Il faut savoir que le département existait malgré la non-organisation de ventes in situ. A ce sujet, le département de Paris exportait jusqu’à présent la totalité des pièces qu’il recevait et il exportait de manière très importante car de très nombreux objets passaient par celui-ci. Réalisant au passage plusieurs millions d’euros de chiffre d’affaire de manière quasi invisible pour le grand public. Aussi il y avait et il y a toujours de la matière. Comme disent les anglais avec l’expression « Business getting », le marché parisien est porteur car la France est une sorte de coffre à trésors permanent pour les bijoux avec de fortes identités. Il y avait donc l’envie de recréer une dynamique sur Paris tant avec l’organisation de ventes, qu’elles soient sur place comme en ligne. J’avais une bonne connaissance du digital pour les ventes aux enchères, ce qui a séduit la maison dans sa décision de me recruter. Nous allons organiser notre troisième vente en octobre 2019, en s’appuyant sur les jolis succès des deux précédentes qui ont confirmé l’intérêt des acheteurs pour la place parisienne.

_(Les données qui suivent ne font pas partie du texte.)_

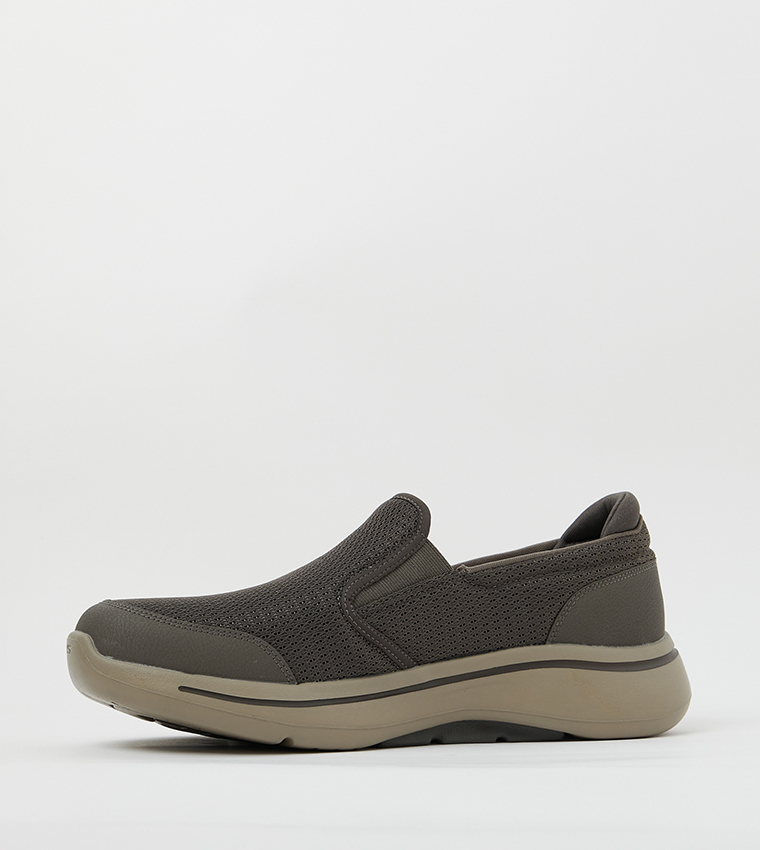 حذاء رياضي برباط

Lot 15 – Collier/broche émail et perle d’eau douce, René Boivin, vers 1900. La broche/pendentif à décor de fleurs de datura ornée d’émail plique-à-jour retenant une perle d’eau douce, poinçon de maître pour René Boivin. Estimation : 7,000 – 10,000 EUR. Photo : Sotheby’s
2- Est-ce que l’argument récurrent sur la fiscalité française que beaucoup considère comme trop lourde vous a fait hésiter ?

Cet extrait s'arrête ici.